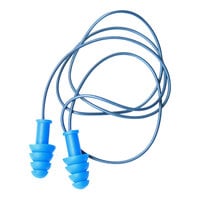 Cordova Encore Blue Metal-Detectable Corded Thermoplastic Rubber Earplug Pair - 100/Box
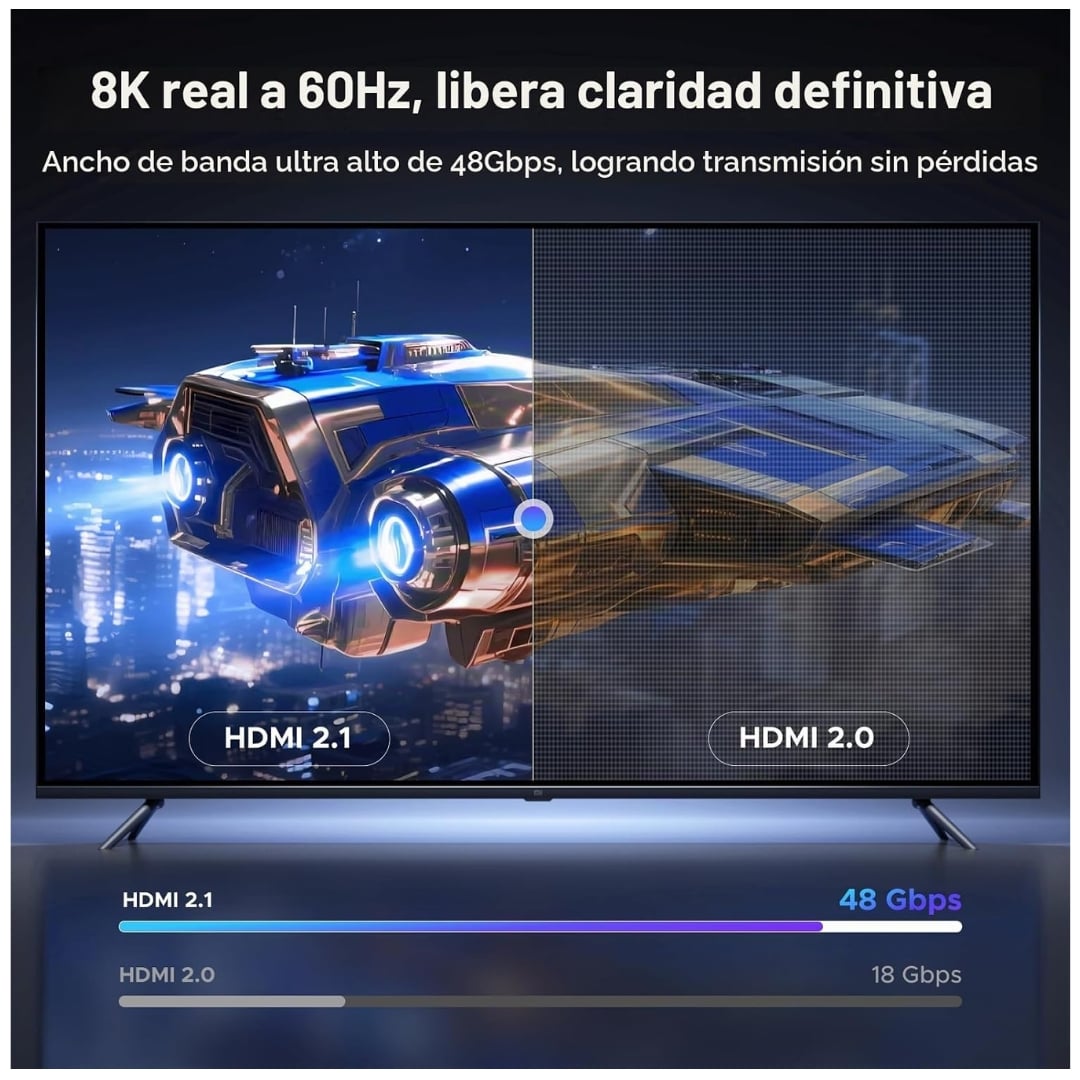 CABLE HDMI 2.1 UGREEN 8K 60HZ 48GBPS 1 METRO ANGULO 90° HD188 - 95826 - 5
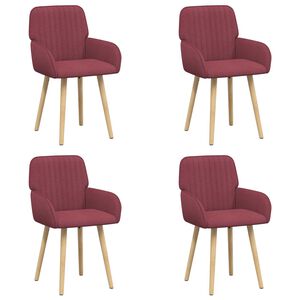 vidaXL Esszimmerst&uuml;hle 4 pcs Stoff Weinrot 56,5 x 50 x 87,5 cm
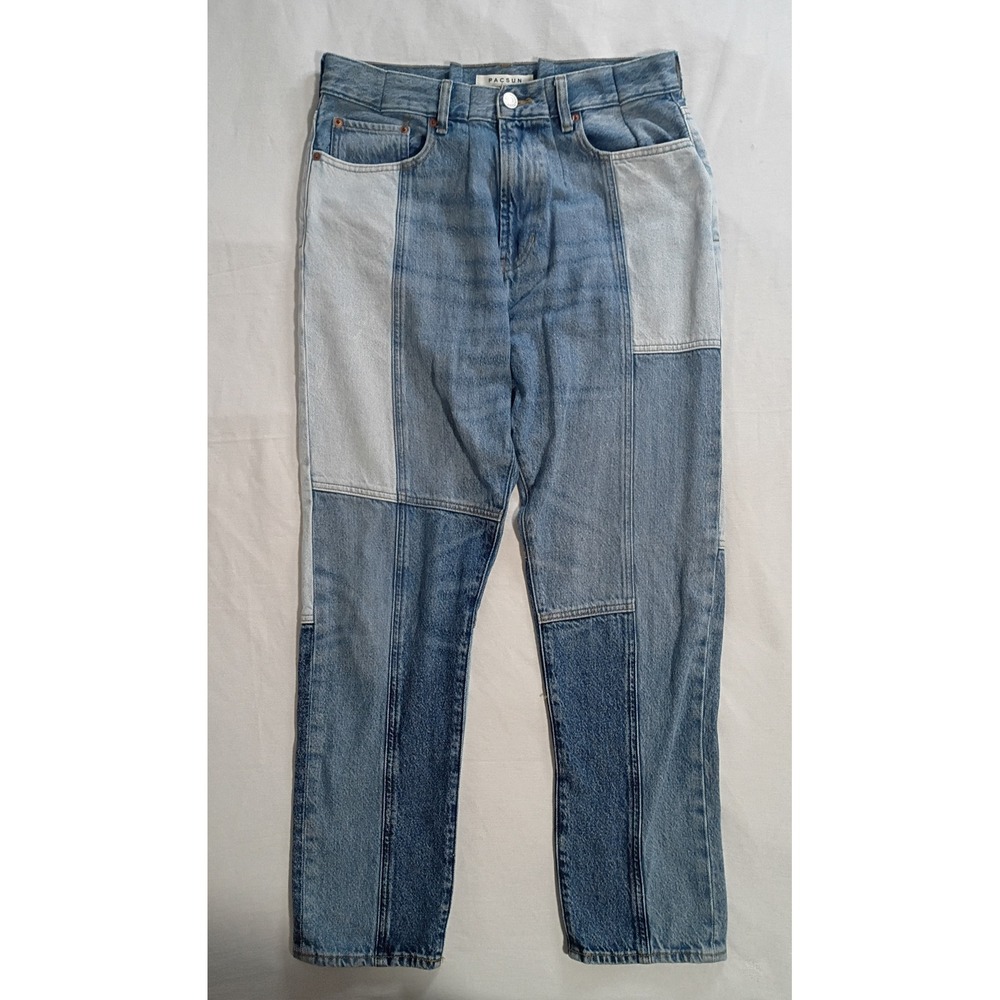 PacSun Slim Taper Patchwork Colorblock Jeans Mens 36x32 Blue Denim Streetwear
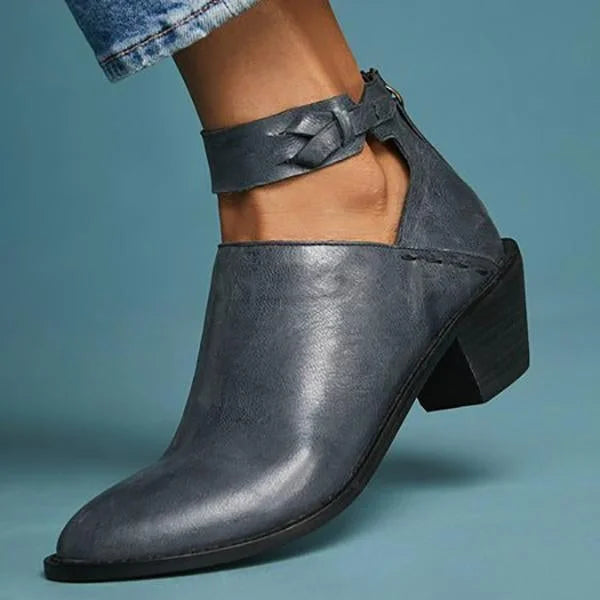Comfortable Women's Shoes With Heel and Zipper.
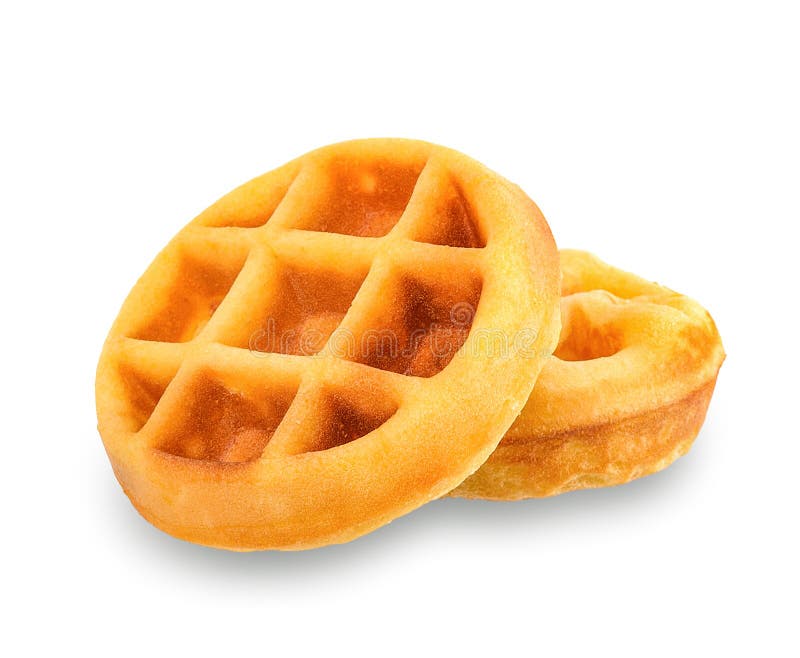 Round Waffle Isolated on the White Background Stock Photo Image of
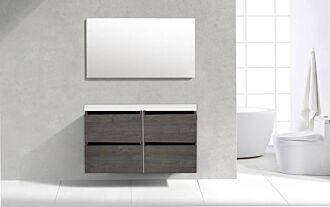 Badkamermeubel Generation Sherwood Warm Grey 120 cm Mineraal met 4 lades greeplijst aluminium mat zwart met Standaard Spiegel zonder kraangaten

Task details >> Reproduce the data verbatim. Do not carry any picture into the copy.

Your solution >>
 Cordova Encore Blue Metal-Detectable Corded Thermoplastic Rubber Earplug Pair - 100/Box
 CABLE HDMI 2.1 UGREEN 8K 60HZ 48GBPS 1 METRO ANGULO 90° HD188 - 95826 - 5
 vidaXL Esszimmerst&uuml;hle 4 pcs Stoff Weinrot 56,5 x 50 x 87,5 cm
 PacSun Slim Taper Patchwork Colorblock Jeans Mens 36x32 Blue Denim Streetwear
Comfortable Women's Shoes With Heel and Zipper.
 Round Waffle Isolated on the White Background Stock Photo Image of
 Badkamermeubel Generation Sherwood Warm Grey 120 cm Mineraal met 4 lades greeplijst aluminium mat zwart met Standaard Spiegel zonder kraangaten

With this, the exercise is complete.